La testa puzza dal pesce
È difficile credere quanto ha scritto Antonio Polito sul Corriere di ieri, e cioè che «la procura di Bari, se avesse agito a tempo debito, certamente avrebbe indotto il sindaco Emiliano a scansare i fratelli Degennaro». È difficile crederlo perché l’ex magistrato, senza i fratelli Degennaro, non sarebbe neanche ridiventato sindaco: senza i 7.200 voti della lista «Realtà barese», sponsorizzata dai costruttori ora arrestati, Michele Emiliano si sarebbe fermato a 90mila voti contro i 92mila dell’avversario, invece ne prese 98mila e vinse al ballottaggio. Accadeva il 22 giugno 2009 e alcuni dei reati contestati cominciarono a consumarsi quattro giorni dopo l’elezione: da qui le malizie. Altri reati di truffa – forse è più grave – in compenso si consumarono nel 2007, cioè prima, nel pieno della celebrata campagna per la «primavera pugliese». Ecco perché il problema è anzitutto stra-politico: altro che «qualche chilo di pesce e cozze pelose» come si è difeso il sindaco o ancora «una bottiglia di champagne e qualche cozza pelosa» come ha scritto Marco Travaglio, quello documentato. Che poi erano champagne, otto astici, due chili di allievi, cinquanta noci bianche, quattro spigoloni, formaggi e ostriche imperiali.

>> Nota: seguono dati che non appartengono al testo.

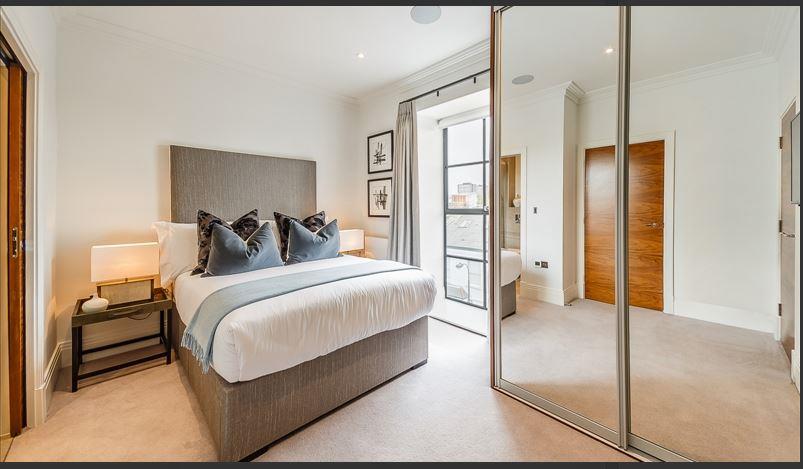 Flat Rainville Road in Greater London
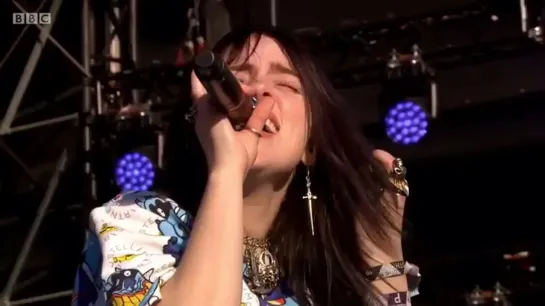 billie performing “xanny” at glastonbury festival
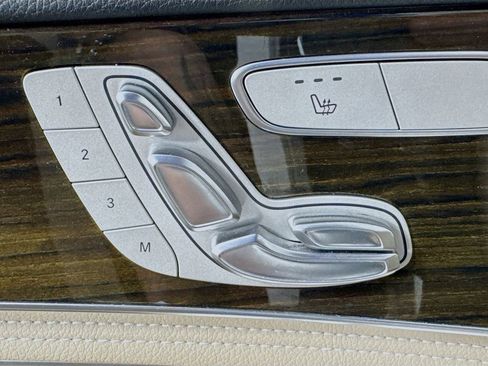 Used 2016 Mercedes-Benz C 300 Sedan image 20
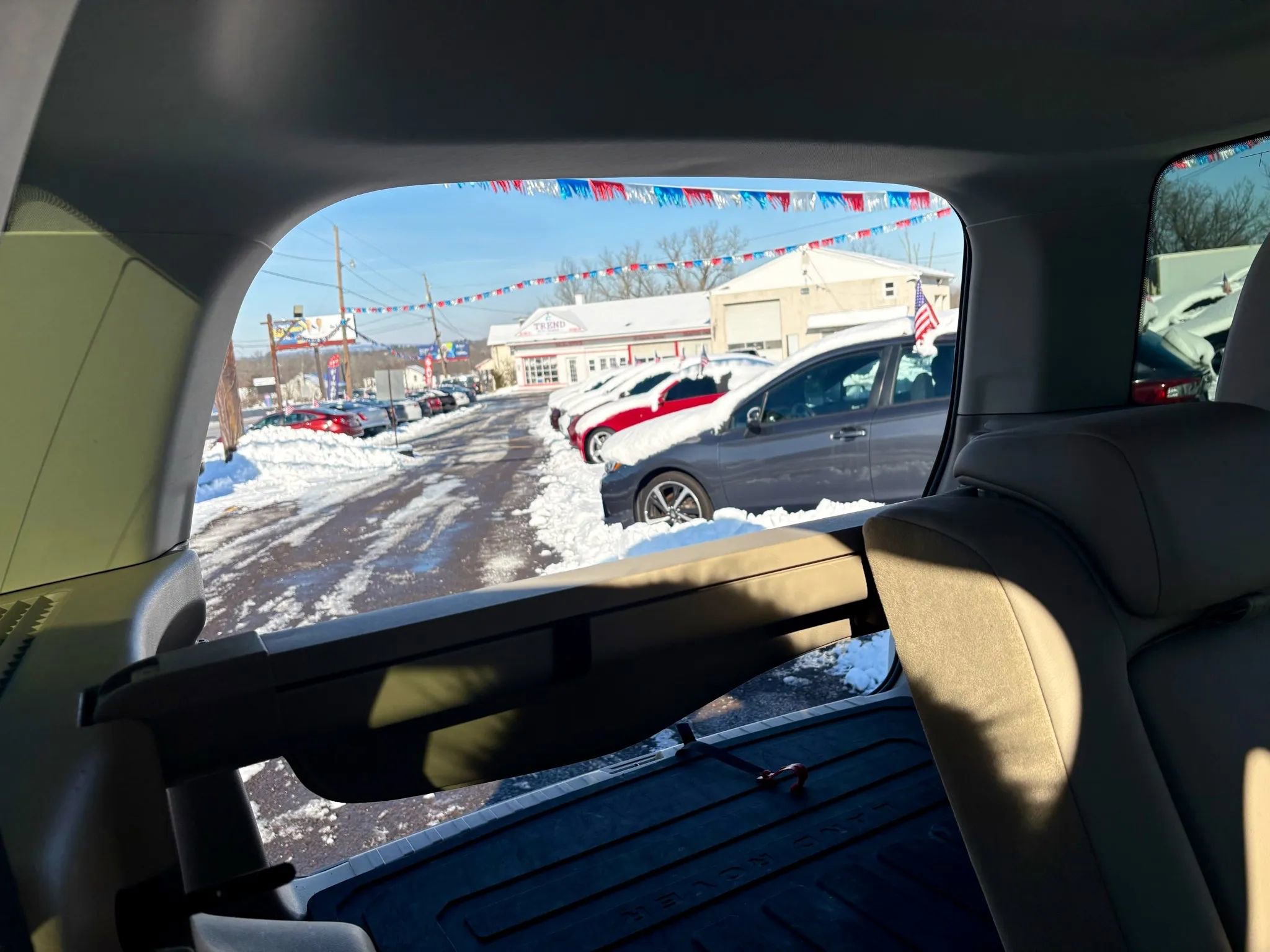 Used 2015 Land Rover LR2 image 25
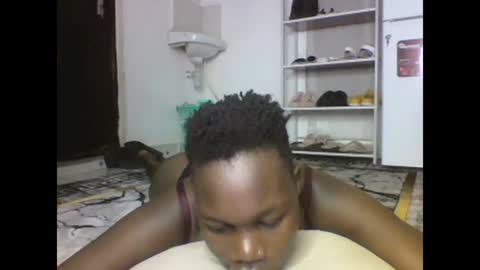 Snapshot of sexqueen02 chatting on 02-27-25, 09:04 sexqueen02 online show from 02-27-25, 09:04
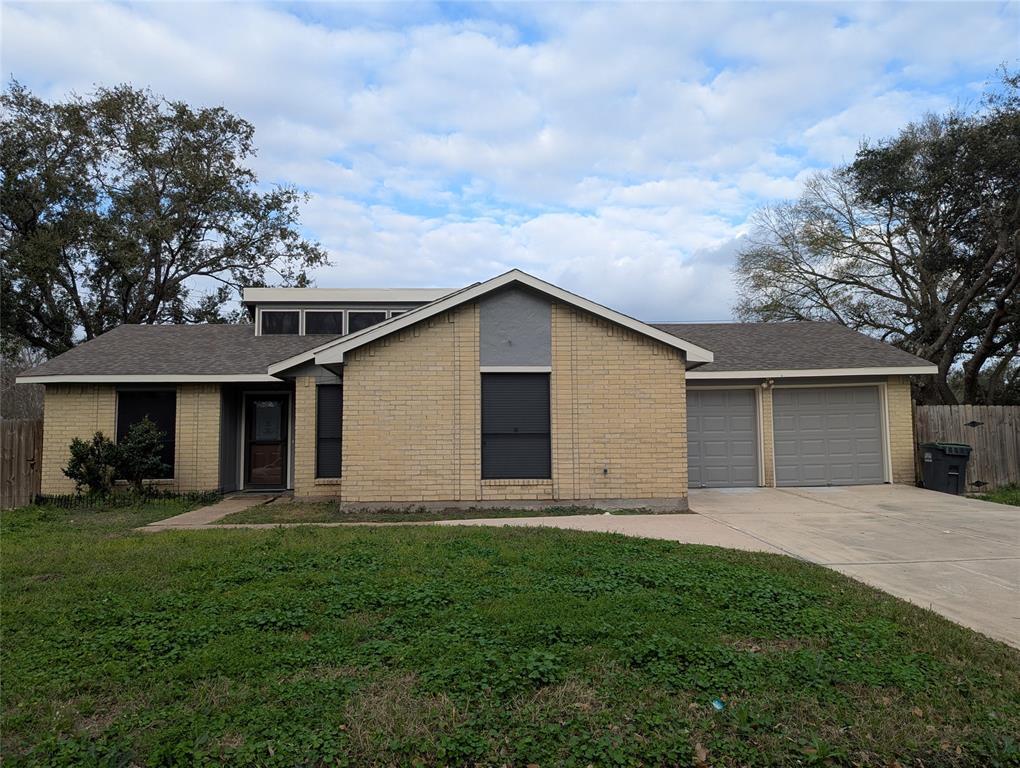 Foto principal - 1601 Live Oak Hollow St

La testa puzza dal pesce: accade in una città che ha portato al parossismo il protagonismo dei magistrati. Uno appunto è Emiliano, che non si è mai dimesso dalla magistratura e se n’è fregato della sentenza n. 224 della Corte Costituzionale che nel 2009 imponeva ai neopolitici di togliere la toga. Il sindaco ha partecipato lo stesso alle primarie del Pd e ne è stato anche segretario regionale. A fregarsene della sentenza però è anche il suo avversario interno al Pd, l’altro magistrato barese Gianrico Carofiglio: la cui peculiarità interessante, però, è un’altra. Carofiglio è indicato come possibile candidato governatore alle regionali (sponsorizzato da Bersani e Vendola, pare) ma è anche marito di Francesca Pirrelli, magistrato che conduce proprio l’inchiesta sui Degennaro che ha inguaiato Emiliano. Il Pd vuole scaricare un ex pm, in sintesi, per candidare un altro ex pm che è marito di una pm che sta indagando sul primo ex pm. La pm Francesca Pirrelli, oltretutto, è amica di Vendola: così come Carofiglio in teoria sarebbe amico di Emiliano.
Questo mentre la cucciolata di magistrati prestati alla politica (dovrebbero essere cinque) registra una nuova indagine ai danni del senatore del Pd Alberto Tedesco, presidente della commissione sanità nella giunta Vendola: l’inchiesta, due anni fa, era stata aperta dal pm Lorenzo Nicastro, che però frattanto si è candidato con l’Italia dei valori ed è diventato assessore all’ambiente pure lui nella giunta Vendola, divenendo peraltro avversario politico di Raffaele Fitto (Pdl) dopo averlo rinviato a giudizio per un’altra indagine. Riprendete fiato. E tenete conto che il leitmotiv, a margine di ogni scandalo pugliese degli ultimi anni, è sempre stato che la città «sapeva». Che cosa?
Tutto: di Patrizia D’Addario e delle donnine che Giampi Tarantini procurava all’ex premier e (anche) a qualche amico del Pd, degli appalti e intrecci sanitari, del calcioscommesse, delle vasche da bagno riempite di pesce: solo Michele Emiliano, cioè la testa, non sapeva praticamente nulla degli affari dei Degennaro, salvo mettersi in giunta la figlia 26enne del capofamiglia. Anzi no, a non sapere nulla c’erano anche i promotori della mirabolante «Lista civica nazionale» vagheggiata da Di Pietro e De Magistris (altri due ex magistrati: mancavano) e poi da Vendola oltreché dai soliti «movimenti», insomma da quanti immaginavano un Michele Emiliano addirittura alla presidenza del Consiglio, chissà mai. A Palazzo Chigi doveva quindi sedere «un fesso» (sua definizione) come se l’idea di eleggere un fesso fosse tranquillizzante. Un fesso: piacerebbe cogliere l’occasione per dargli clamorosamente ragione, purtroppo non è così.